• **The task**:
The entries that follow should be repeated exactly, with no pictures kept.

• **Data for the task**:
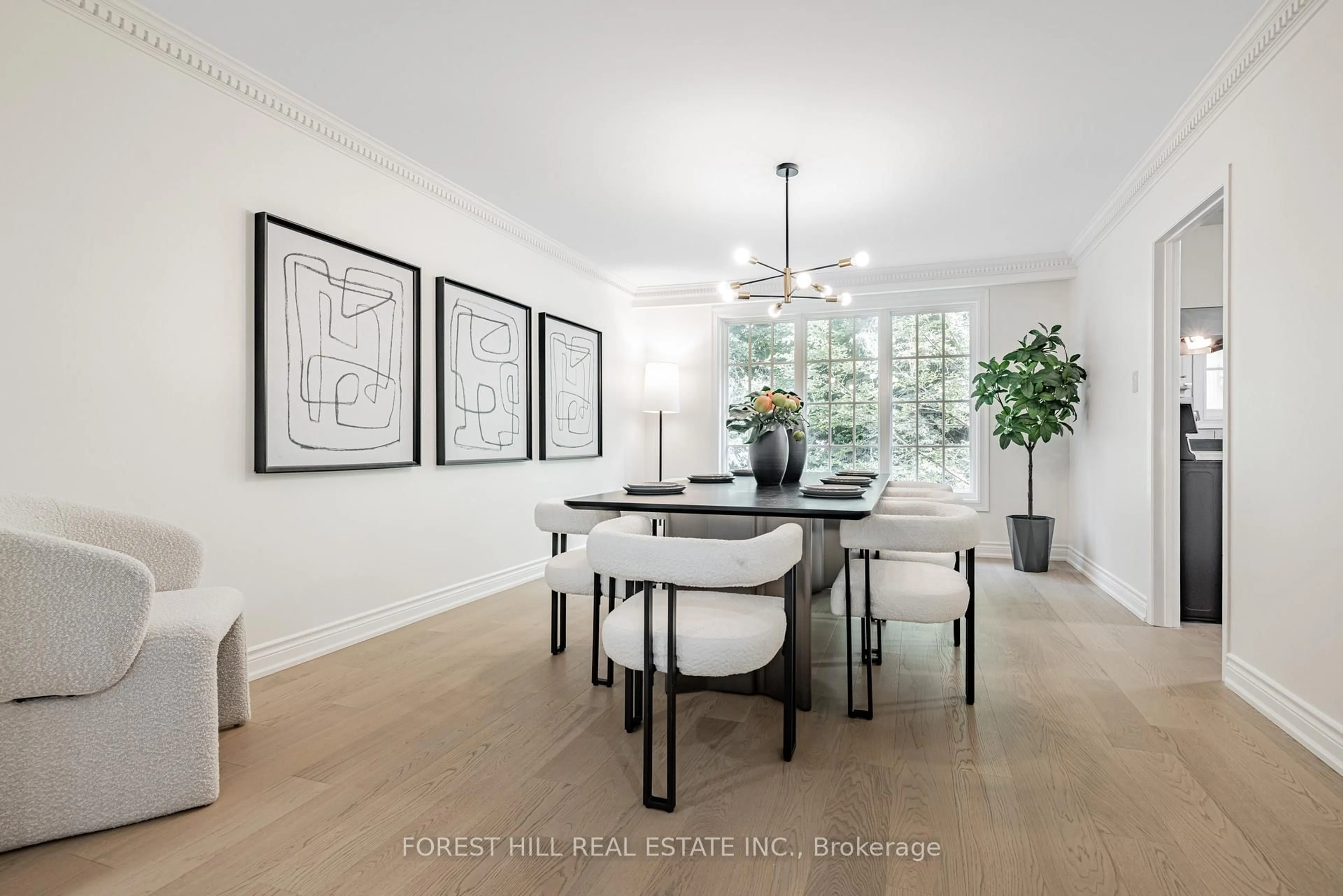 Dining room, unknown for 37 Abbeywood Tr, Toronto Ontario M3B 3B4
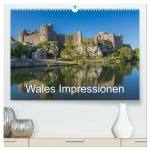 Wales Impressionen (hochwertiger Premium Wandkalender 2026 DIN A2 quer), Kunstdruck in Hochglanz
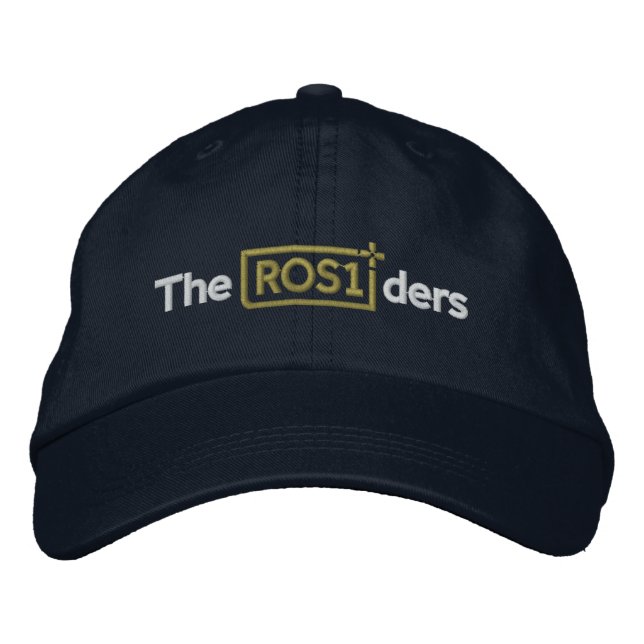 El gorra ROS1ders (bordado) (Anverso)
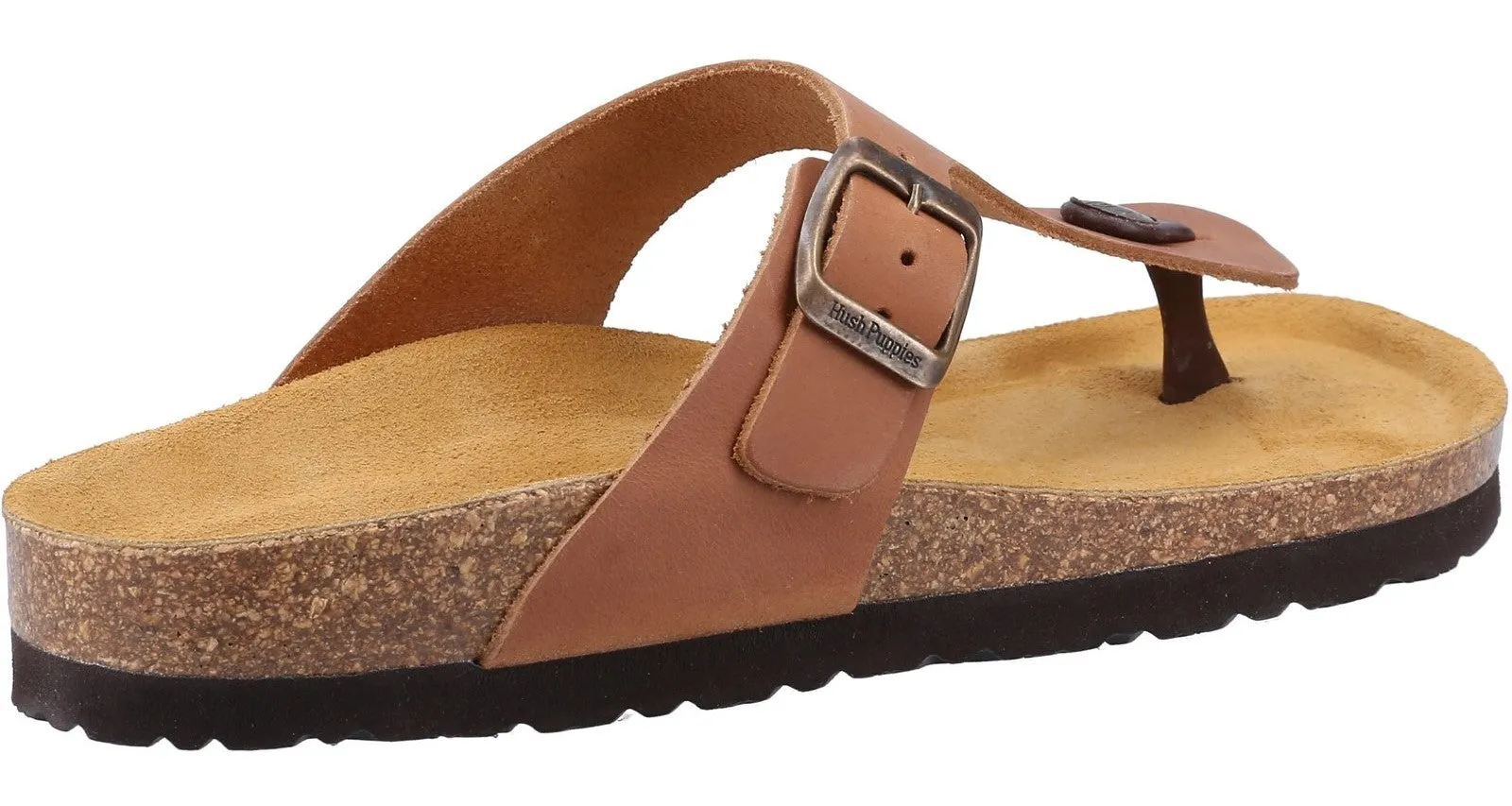 Hush Puppies Kayla Womens Toe Post Sandal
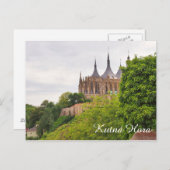 Briefkaart Kutna Hora (Voorkant / Achterkant)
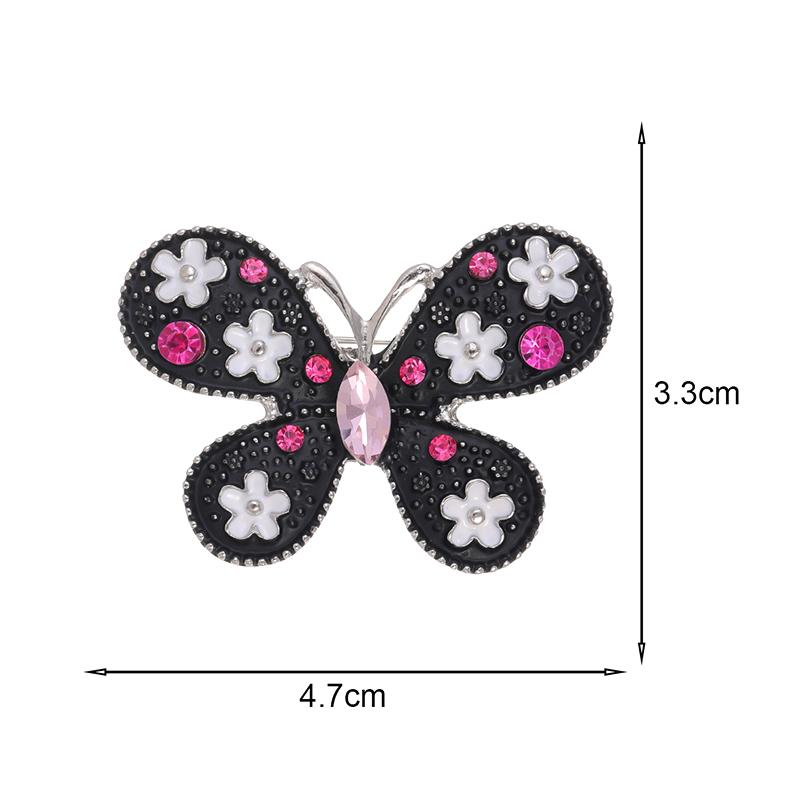 Stylish Exquisite Butterfly Brooches For Women Dripping Oil Insect Pins Banquet Corsage Clothing Accessories Gifts
Stylish Exquisite Butterfly Brooches For Women Dripping Oil Insect Pins Banquet Corsage Clothing Accessories Gifts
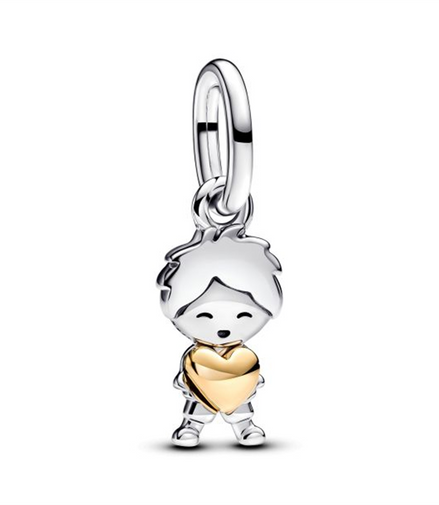 Pandora Moments Happy Boy Dangle Charm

• **Written response**:
 Dining room, unknown for 37 Abbeywood Tr, Toronto Ontario M3B 3B4
 Wales Impressionen (hochwertiger Premium Wandkalender 2026 DIN A2 quer), Kunstdruck in Hochglanz
 El gorra ROS1ders (bordado) (Anverso)
 Hush Puppies Kayla Womens Toe Post Sandal
 Briefkaart Kutna Hora (Voorkant / Achterkant)
 Stylish Exquisite Butterfly Brooches For Women Dripping Oil Insect Pins Banquet Corsage Clothing Accessories Gifts
Stylish Exquisite Butterfly Brooches For Women Dripping Oil Insect Pins Banquet Corsage Clothing Accessories Gifts
 Pandora Moments Happy Boy Dangle Charm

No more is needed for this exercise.